▶ [PROMPT] In full and exactly, please return the records, but keep out the pictures.

(Records contained in a dataset)
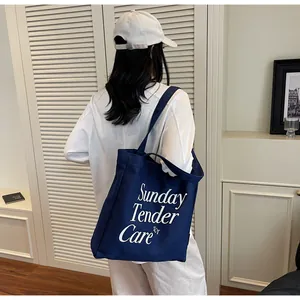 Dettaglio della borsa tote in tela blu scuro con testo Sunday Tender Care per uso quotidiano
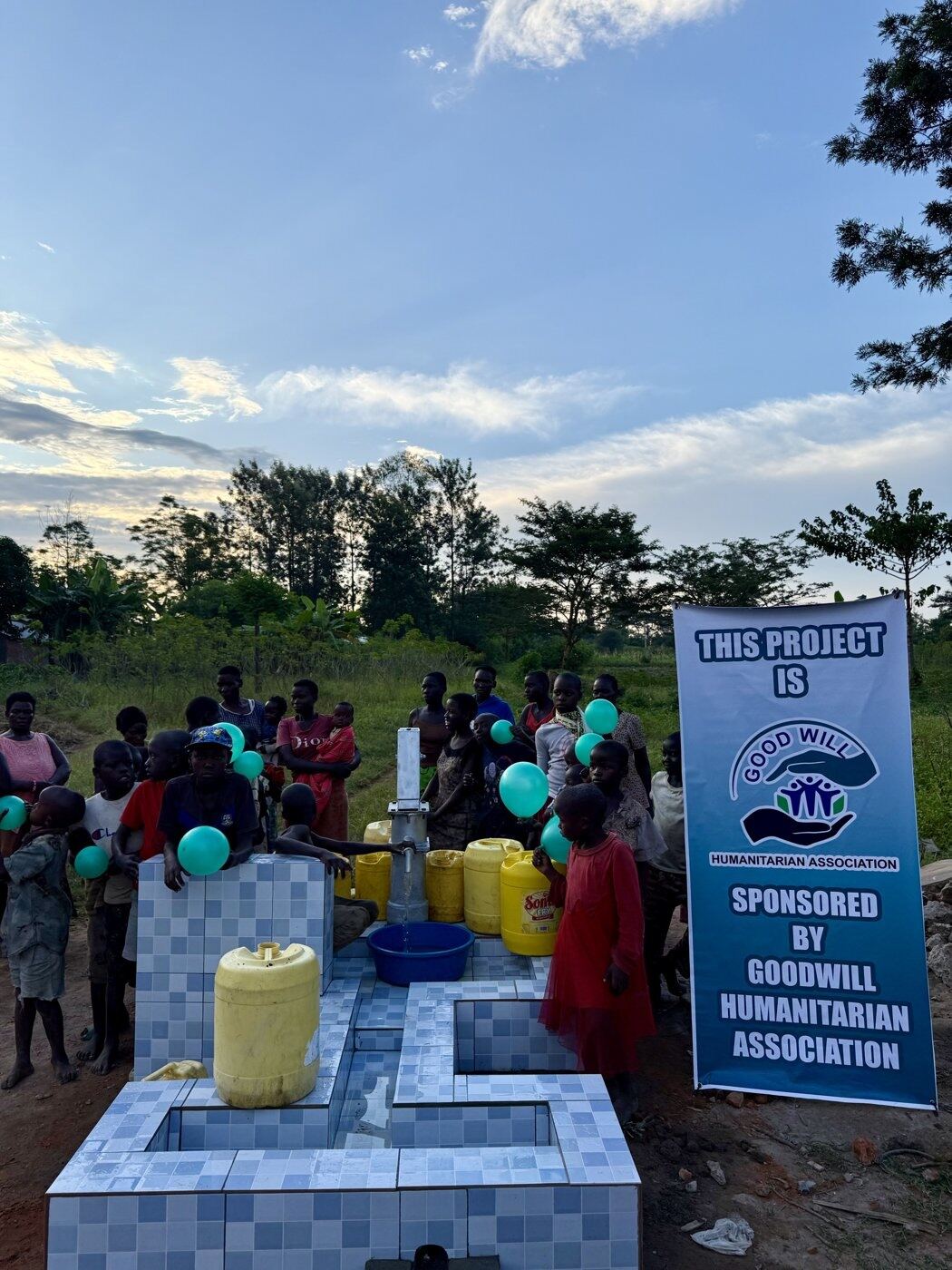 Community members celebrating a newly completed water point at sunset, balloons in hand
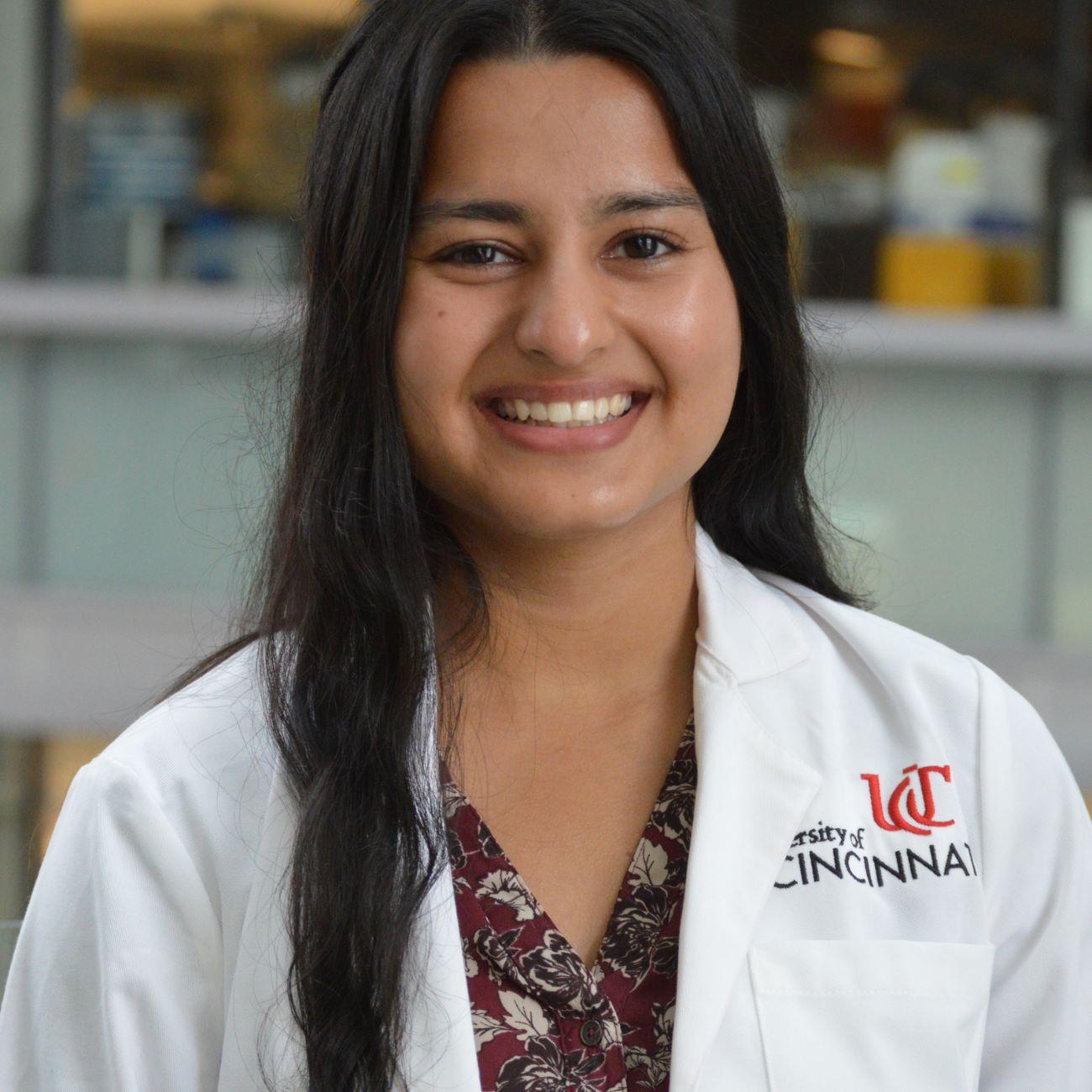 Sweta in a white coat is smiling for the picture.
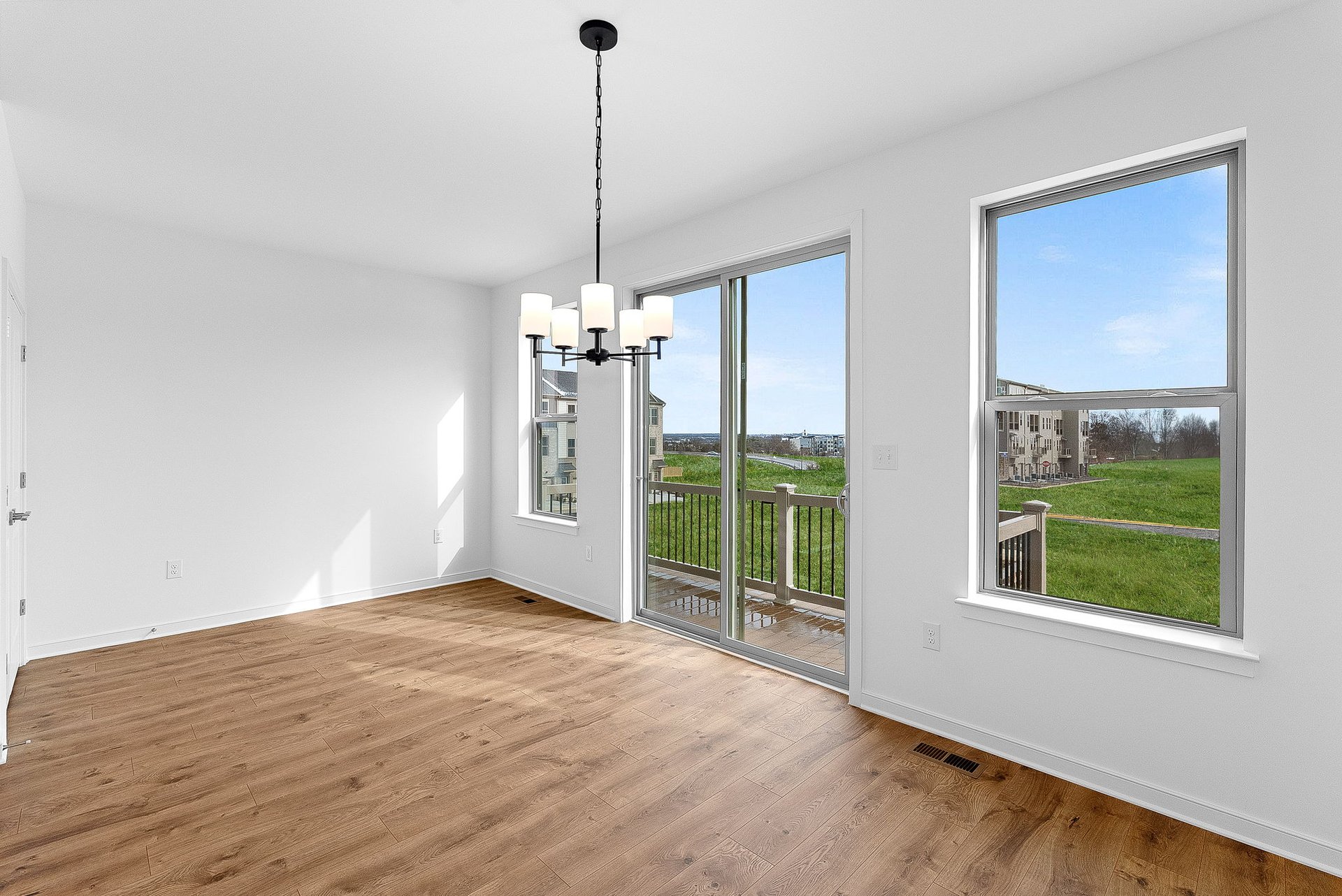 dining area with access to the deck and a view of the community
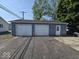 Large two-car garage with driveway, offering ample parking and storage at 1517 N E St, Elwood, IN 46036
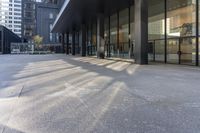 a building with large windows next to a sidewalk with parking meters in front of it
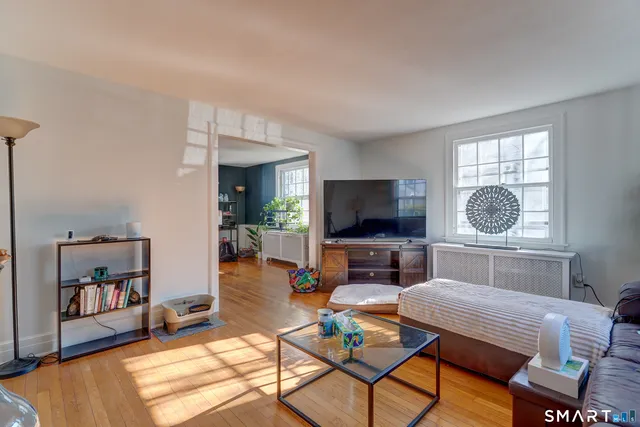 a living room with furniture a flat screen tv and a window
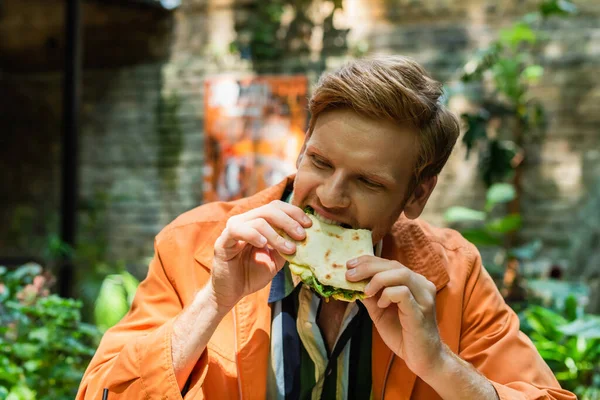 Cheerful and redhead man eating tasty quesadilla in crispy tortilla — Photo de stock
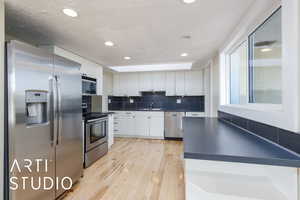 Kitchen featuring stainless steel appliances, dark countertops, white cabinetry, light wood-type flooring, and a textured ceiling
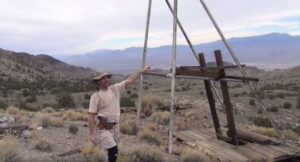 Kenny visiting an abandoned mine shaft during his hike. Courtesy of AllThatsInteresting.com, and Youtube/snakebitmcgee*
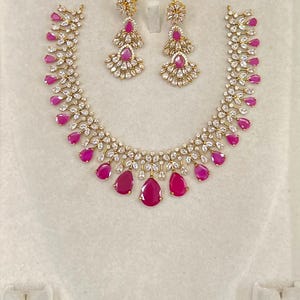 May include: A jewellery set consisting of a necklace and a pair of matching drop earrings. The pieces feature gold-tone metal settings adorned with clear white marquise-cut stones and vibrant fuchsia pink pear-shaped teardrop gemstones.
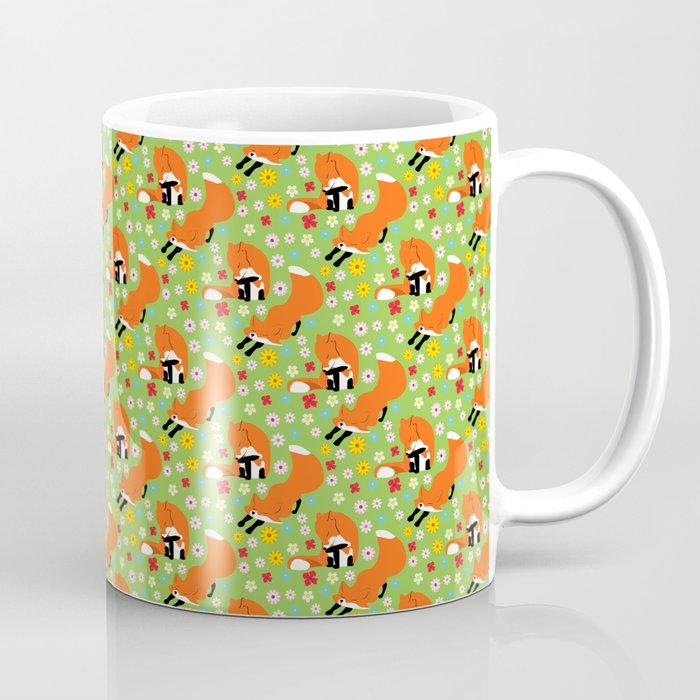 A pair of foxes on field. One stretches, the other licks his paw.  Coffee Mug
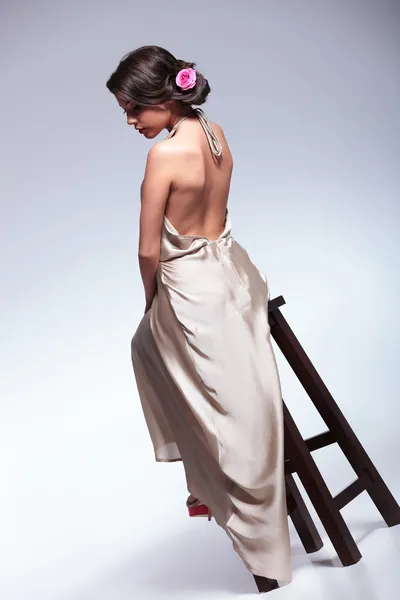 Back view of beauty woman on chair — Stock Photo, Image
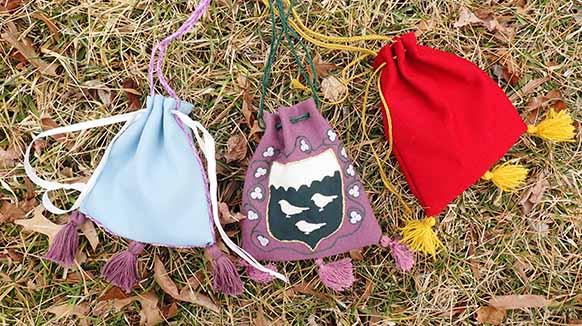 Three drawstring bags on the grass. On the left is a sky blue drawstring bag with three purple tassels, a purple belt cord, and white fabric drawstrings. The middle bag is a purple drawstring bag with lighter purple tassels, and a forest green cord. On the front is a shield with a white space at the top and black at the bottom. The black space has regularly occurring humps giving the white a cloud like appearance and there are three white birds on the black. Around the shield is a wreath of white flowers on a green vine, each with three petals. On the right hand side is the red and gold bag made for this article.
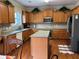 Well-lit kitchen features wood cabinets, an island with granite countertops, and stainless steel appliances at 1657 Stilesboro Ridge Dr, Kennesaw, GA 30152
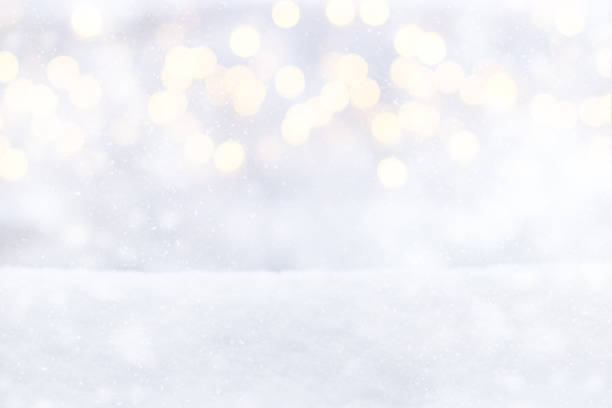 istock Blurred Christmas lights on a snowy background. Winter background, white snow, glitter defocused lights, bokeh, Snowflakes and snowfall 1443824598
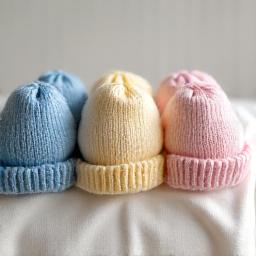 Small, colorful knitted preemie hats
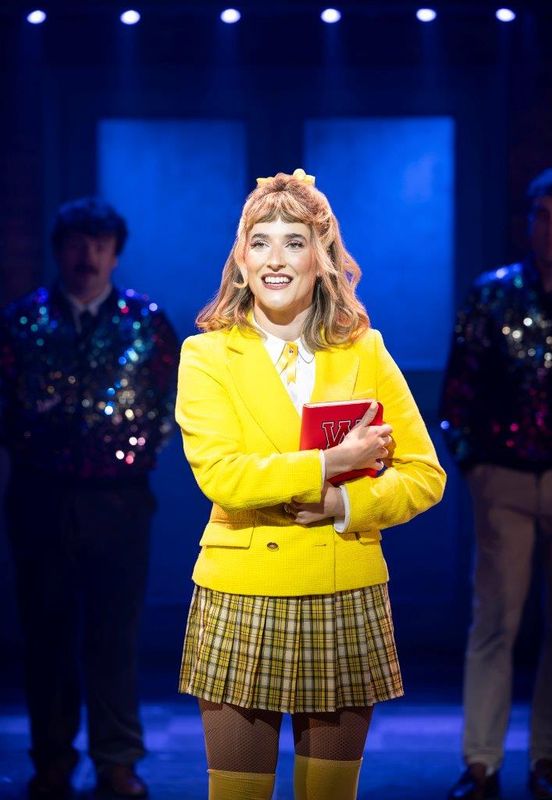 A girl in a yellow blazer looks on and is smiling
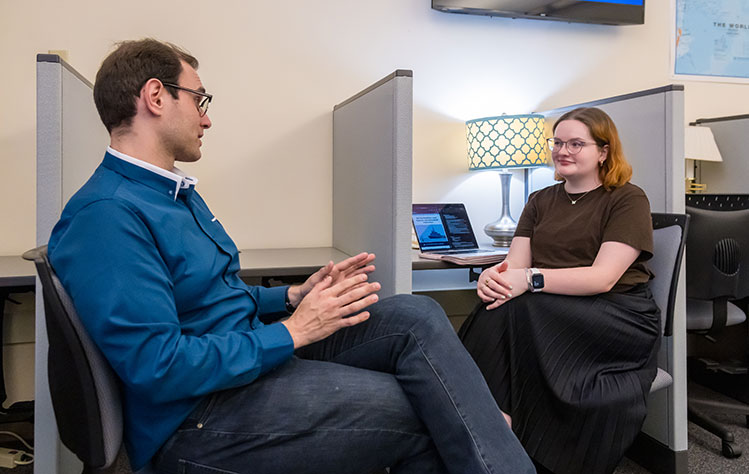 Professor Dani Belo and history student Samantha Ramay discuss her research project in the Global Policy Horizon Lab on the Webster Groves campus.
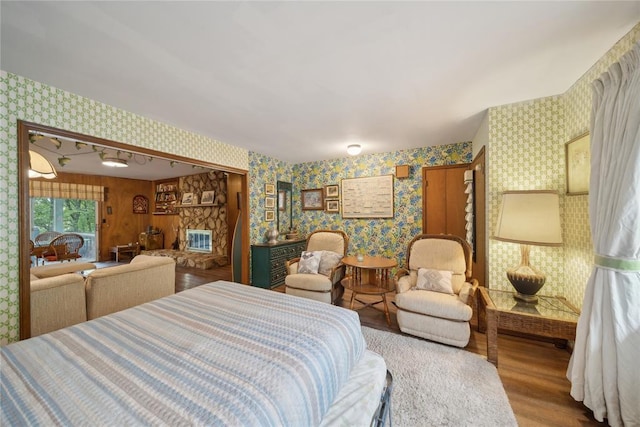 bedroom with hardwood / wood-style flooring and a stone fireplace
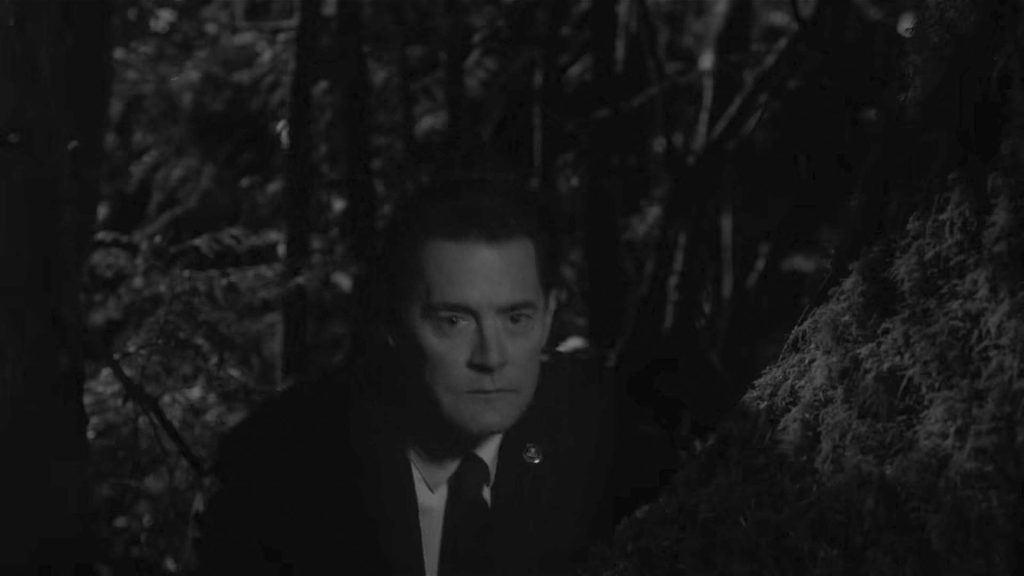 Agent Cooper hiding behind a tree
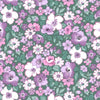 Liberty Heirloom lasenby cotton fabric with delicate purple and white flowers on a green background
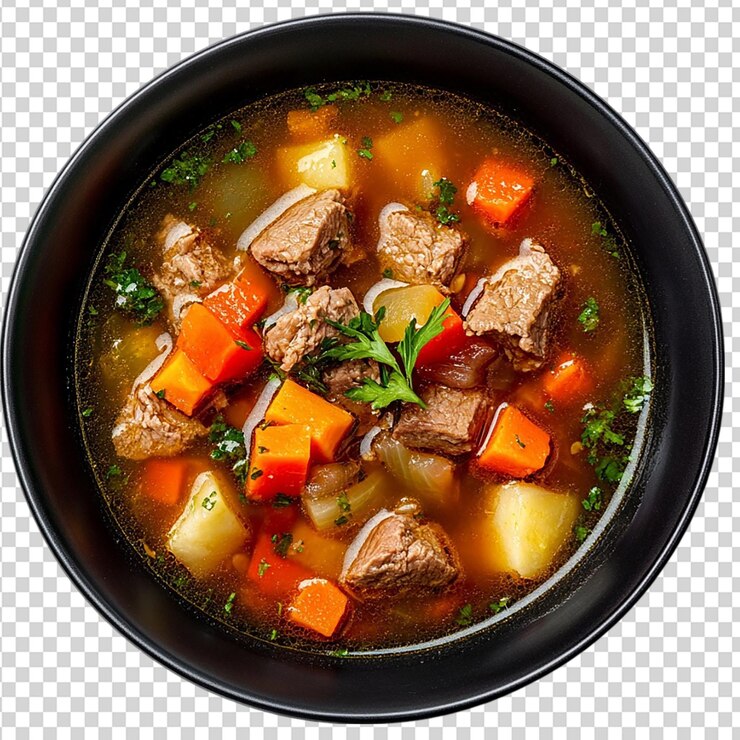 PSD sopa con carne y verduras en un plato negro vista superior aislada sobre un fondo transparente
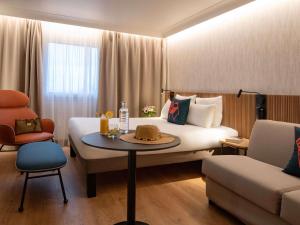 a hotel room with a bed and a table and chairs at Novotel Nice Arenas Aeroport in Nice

▶ [SOLUTION TO THIS TASK]
 Dettaglio della borsa tote in tela blu scuro con testo Sunday Tender Care per uso quotidiano
 Community members celebrating a newly completed water point at sunset, balloons in hand
 Sweta in a white coat is smiling for the picture.
 dining area with access to the deck and a view of the community
 Large two-car garage with driveway, offering ample parking and storage at 1517 N E St, Elwood, IN 46036
 a building with large windows next to a sidewalk with parking meters in front of it
 a living room with furniture a flat screen tv and a window
 Cheerful and redhead man eating tasty quesadilla in crispy tortilla — Photo de stock
 Kitchen featuring stainless steel appliances, dark countertops, white cabinetry, light wood-type flooring, and a textured ceiling
 Kenny visiting an abandoned mine shaft during his hike. Courtesy of AllThatsInteresting.com, and Youtube/snakebitmcgee*
 May include: A jewellery set consisting of a necklace and a pair of matching drop earrings. The pieces feature gold-tone metal settings adorned with clear white marquise-cut stones and vibrant fuchsia pink pear-shaped teardrop gemstones.
 A pair of foxes on field. One stretches, the other licks his paw.  Coffee Mug
 Back view of beauty woman on chair — Stock Photo, Image
 Three drawstring bags on the grass. On the left is a sky blue drawstring bag with three purple tassels, a purple belt cord, and white fabric drawstrings. The middle bag is a purple drawstring bag with lighter purple tassels, and a forest green cord. On the front is a shield with a white space at the top and black at the bottom. The black space has regularly occurring humps giving the white a cloud like appearance and there are three white birds on the black. Around the shield is a wreath of white flowers on a green vine, each with three petals. On the right hand side is the red and gold bag made for this article.
 Well-lit kitchen features wood cabinets, an island with granite countertops, and stainless steel appliances at 1657 Stilesboro Ridge Dr, Kennesaw, GA 30152
 istock Blurred Christmas lights on a snowy background. Winter background, white snow, glitter defocused lights, bokeh, Snowflakes and snowfall 1443824598
 Small, colorful knitted preemie hats
 A girl in a yellow blazer looks on and is smiling
 Professor Dani Belo and history student Samantha Ramay discuss her research project in the Global Policy Horizon Lab on the Webster Groves campus.
 bedroom with hardwood / wood-style flooring and a stone fireplace
 Agent Cooper hiding behind a tree
 Liberty Heirloom lasenby cotton fabric with delicate purple and white flowers on a green background
 PSD sopa con carne y verduras en un plato negro vista superior aislada sobre un fondo transparente
 a hotel room with a bed and a table and chairs at Novotel Nice Arenas Aeroport in Nice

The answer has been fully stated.